Back to projects
2026Active

LeRobot SO-101 Open-Source Arm

Building and training the flagship open-source SO-101 robotic arm in the Hugging Face LeRobot ecosystem using imitation learning.

LeRobotImitation LearningHardware

Step-by-step guide

Recording data, training, and running inference with LeRobot.

View guide →

Hardware Assembly & Calibration

The SO-101 platform relies on a dual-arm follower/leader configuration designed for precise Human-In-The-Loop data collection. We fully assembled two parallel arm configurations. Early on we hit some hardware turbulence (a burnt servo and ID configuration syncing issues), but after sorting those out the leader arm's teleoperation maps cleanly to the physical follower arm and passes all hardware calibration checks.

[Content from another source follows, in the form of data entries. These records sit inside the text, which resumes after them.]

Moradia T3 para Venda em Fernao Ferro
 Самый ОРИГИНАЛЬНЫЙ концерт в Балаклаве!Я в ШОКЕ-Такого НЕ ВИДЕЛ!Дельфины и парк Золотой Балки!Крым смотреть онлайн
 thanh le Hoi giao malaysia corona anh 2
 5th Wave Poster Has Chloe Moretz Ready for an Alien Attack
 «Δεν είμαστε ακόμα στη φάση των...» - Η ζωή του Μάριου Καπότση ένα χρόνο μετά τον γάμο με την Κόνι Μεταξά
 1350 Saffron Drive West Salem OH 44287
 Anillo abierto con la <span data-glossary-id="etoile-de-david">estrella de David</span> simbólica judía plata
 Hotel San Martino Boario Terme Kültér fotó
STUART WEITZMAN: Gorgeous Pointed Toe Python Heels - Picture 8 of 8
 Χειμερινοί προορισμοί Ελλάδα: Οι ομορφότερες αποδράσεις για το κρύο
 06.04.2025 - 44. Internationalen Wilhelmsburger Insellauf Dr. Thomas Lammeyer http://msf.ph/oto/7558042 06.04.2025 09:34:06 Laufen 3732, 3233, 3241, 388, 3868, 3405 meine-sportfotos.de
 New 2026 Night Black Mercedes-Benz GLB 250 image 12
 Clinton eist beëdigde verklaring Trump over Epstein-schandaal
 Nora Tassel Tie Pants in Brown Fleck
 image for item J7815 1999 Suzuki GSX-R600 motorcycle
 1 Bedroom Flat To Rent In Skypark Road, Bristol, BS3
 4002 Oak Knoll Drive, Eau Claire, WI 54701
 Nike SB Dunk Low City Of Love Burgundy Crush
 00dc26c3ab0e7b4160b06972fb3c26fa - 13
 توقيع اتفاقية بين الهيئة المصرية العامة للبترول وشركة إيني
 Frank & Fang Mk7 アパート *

Edge Computing & Teleoperation

To ensure a highly embedded, self-contained robotic platform, we transferred the primary teleoperation and inference brain locally onto an NVIDIA Jetson (flashed with Jetpack 6.2). Using the LeRobot environment natively, the Jetson handles real-time synchronization across our multi-camera setup (Side array + Grip array) while bridging joint-state telemetry directly into our dataset directories.

Early Iterations & Lessons Learned

Our initial behavior cloning trials focused on a basic insertion task: placing a block precisely within taped boundaries. We harvested 100 teleoperated episodes, but early model training yielded highly erratic performance. The robot suffered from severe overfitting and out-of-distribution (OOD) freezing. If it encountered a slightly new state, it fundamentally didn't know what to do. Because we verified our hardware calibration was solid, we concluded the issue was a non-diverse dataset. After aggressively expanding our training sweeps and injecting variability, we successfully achieved inference. The arm can now autonomously complete the insertion task using an ACT architecture.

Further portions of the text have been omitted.